CITE DU VATICAN, Vendredi 7 novembre 2003 (ZENIT.org) – A Hongkong, les déplacements répétés et prolongés pour cause professionnelle sur le continent constituent une menace pour la vie de famille, estiment des travailleurs sociaux, selon « Eglises d’Asie » (eglasie.mepasie.org), l’agence des Missions étrangères de Paris.
Agé de 34 ans, technicien en logistique, Wong Wai-ming, passe très fréquemment la frontière pour aller travailler en Chine continentale. Résidant de Hongkong, il estime que ses fréquents déplacements, surtout lorsque ceux-ci se prolongent au-delà de 24 heures, finissent par avoir un impact négatif sur sa famille. D’un côté, sa femme et ses enfants lui manquent et, de l’autre côté, son épouse se plaint de ses absences répétées. Le cas de Wong Wai-ming n’est pas isolé. A partir du milieu des années 1980, de nombreuses usines et entreprises de Hongkong sont parties s’installer dans la région du delta des perles et la province du Guangdong, pour bénéficier des faibles coûts de main d’œuvre et d’exploitation offerts par la Chine du Sud. De ce fait, les suppressions d’emplois ont été nombreuses à Hongkong et ceux qui ont conservé leur emploi ont dû accepter de souvent voyager entre Hongkong et la Chine, voire de déménager sur le continent.
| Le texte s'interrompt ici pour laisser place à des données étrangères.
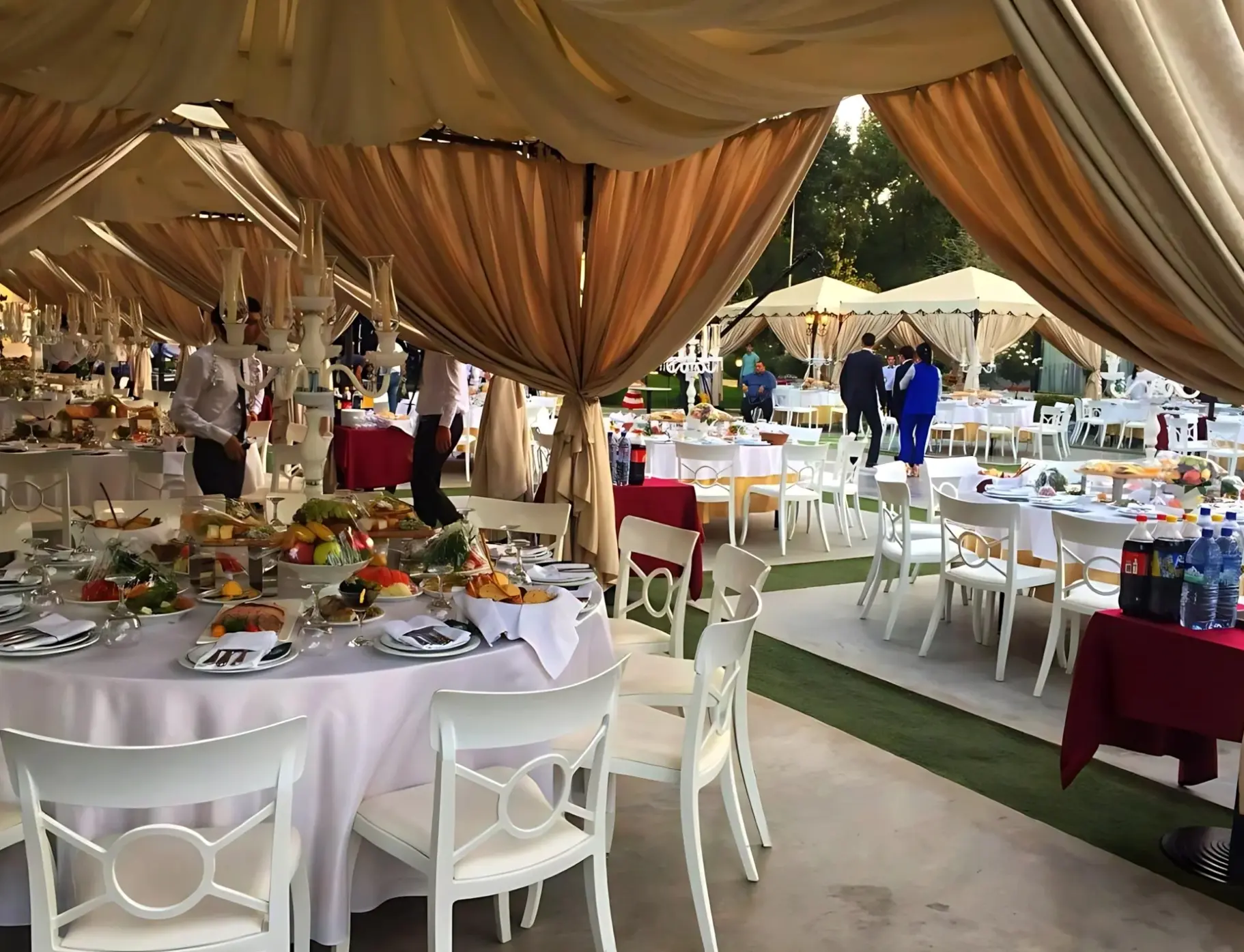 Restauracja i jedzenie w hotelu Hotel City Palace Tashkent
Selon les économistes de Hongkong, cette tendance n’est pas près de s’inverser, de récents accords économiques signés entre Hongkong et Pékin autorisant une interpénétration toujours plus grande des deux économies. Si les milieux économiques espèrent que cette interpénétration permettra de sortir l’économie hongkongaise du marasme dans lequel elle est plongée depuis plusieurs années, des travailleurs sociaux mettent l’accent sur les coûts humains et familiaux que cette évolution comporte.
Selon Ip Wai-chi, président de l’Association des chauffeurs routiers de Hongkong, ce sont les familles en premier lieu qui souffrent de l’augmentation continue des déplacements de Hongkongais sur le continent. Il a expliqué que les routiers concernés sont contraints à passer de moins en moins de temps chez eux et que leurs absences prolongées et répétées amènent leurs épouses à nourrir des soupçons sur leur conduite en Chine continentale. Selon une étude menée par l’Association, 20 à 30 % des chauffeurs routiers qui font la navette entre Hongkong et le Guangdong ont des relations sexuelles extraconjugales en Chine. Au cours d’un récent colloque organisé à l’Université chinoise de Hongkong, Angie Lai, coordinateur du service pour la famille de la Caritas Hongkong, a confirmé les témoignages des travailleurs sociaux constatant la « pression » et « les effets négatifs » au sein des familles où l’un des époux est fréquemment amené à passer la nuit en Chine continentale.
Organisé par le Centre de recherche sur la discrimination sexuelle et l’Institut des Etudes de l’Asie-Pacifique, deux organismes rattachés à l’Université chinoise de Hongkong, le colloque avait pour thème l’étude des « effets du phénomène transfrontalier sur la famille ». Pour Angie Lai, si la crainte du chômage et la recherche de revenus plus élevés poussent de nombreux Hongkongais à accepter, voire à rechercher, un emploi impliquant de fréquents déplacements transfrontaliers, les conséquences sur la vie sont désormais visibles. Les couples sont soumis à une pression affective croissante, a-t-elle affirmé, expliquant que, d’un côté, les travailleurs frontaliers, généralement les maris, connaissent mal le fonctionnement et les habitudes du travail en Chine, tandis que, de l’autre côté, restées à Hongkong, les épouses se trouvent obligées d’assumer seules les responsabilités familiales et craignent les relations extraconjugales de leur conjoint. Toujours selon Angie Lai, une étude de la Caritas en 1995 a établi que 72 % des cas d’adultères se comptaient dans les foyers des travailleurs frontaliers. En 1997, sur 3 289 appels à l’aide sur la ligne de téléphone ouverte par la Caritas pour les questions ayant trait à la famille, 702 concernaient des relations extraconjugales transfrontalières.
Selon Fanny Cheung Mui-ching, psychologue, qui a pris part au colloque, bien que les bénéfices politiques et économiques des accords de libre-échange entre Hongkong et Pékin aient été débattus à Hongkong, « leurs conséquences sur les familles ont à peine retenu l’attention ». Or, estime-t-elle, celles-ci sont « graves ».